# [TASK TO COMPLETE]
Leave the pictures out and quote only the lines from the one with "3705 Chancellorsville Court Property Photo 6" down to the end of the listing below.

# [MATERIAL FOR THIS TASK]
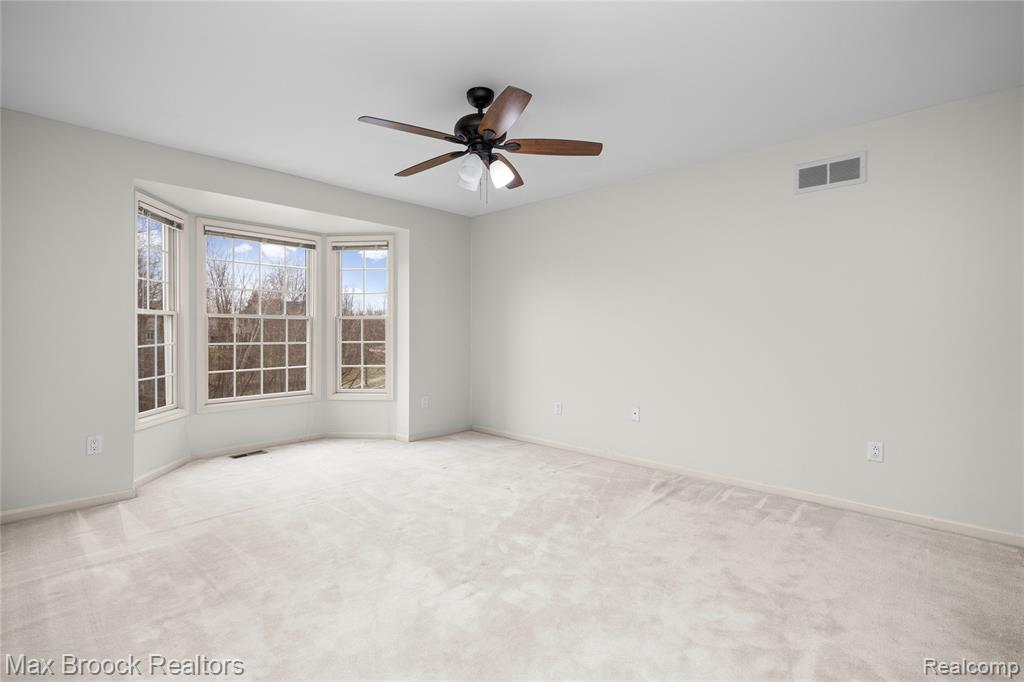 7083 Chatham Court, West Bloomfield, MI — Photo 61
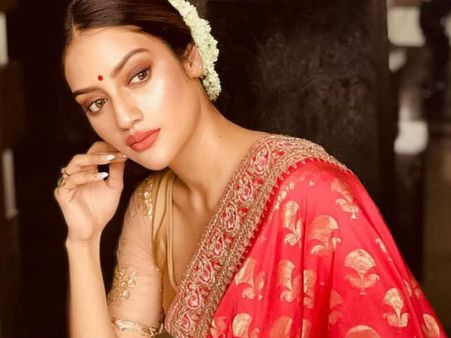 పార్లమెంట్‌కు డుమ్మా కొట్టి... ఫొటోషూట్‌లా.. ఎంపీ‌గా ఎన్నికైన సినీనటిపై ఆగ్రహం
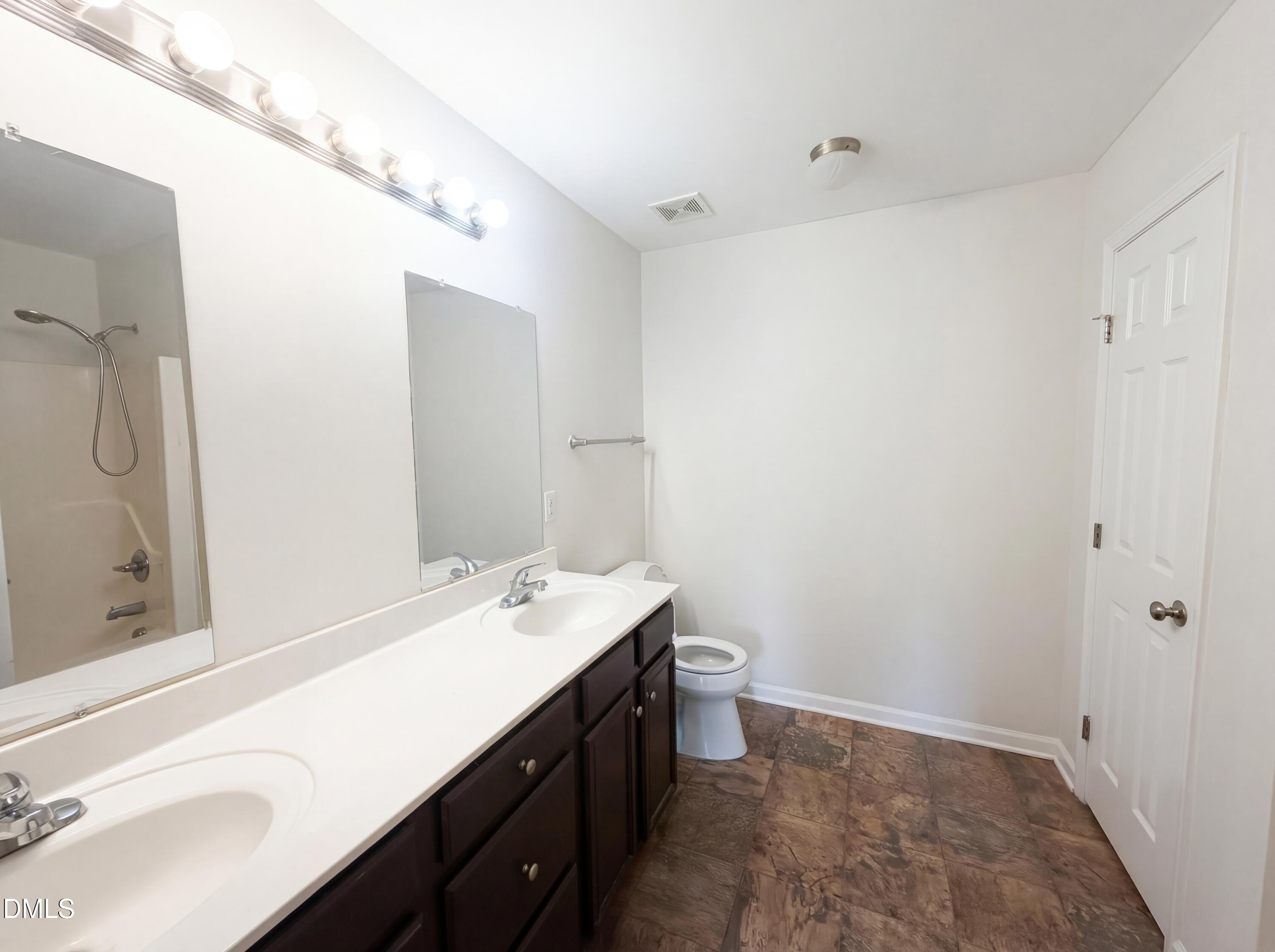3705 Chancellorsville Court Property Photo 6
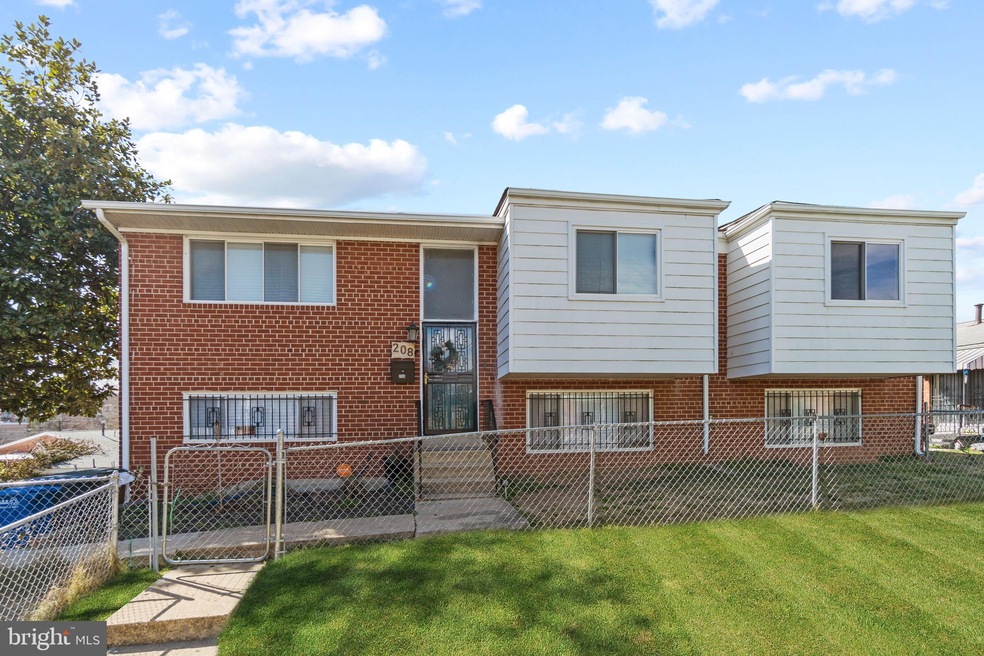 208 45th St NE, Washington, DC 20019 - photo 1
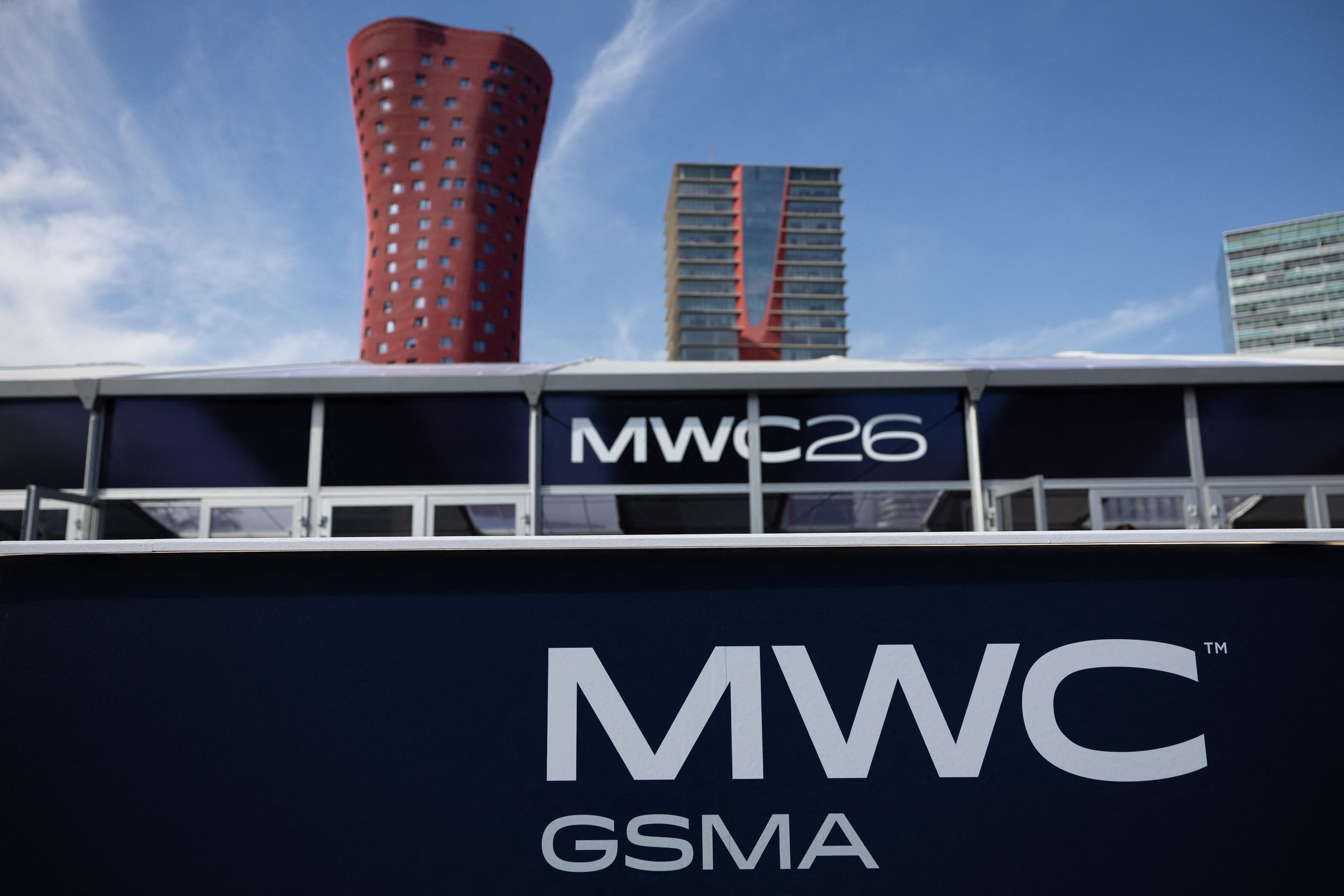 MWC 2026: Honor Robot Phone, Xiaomi 17 Ultra & More Announcements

# [RESPONSE TO THIS TASK]
3705 Chancellorsville Court Property Photo 6
 208 45th St NE, Washington, DC 20019 - photo 1
 MWC 2026: Honor Robot Phone, Xiaomi 17 Ultra & More Announcements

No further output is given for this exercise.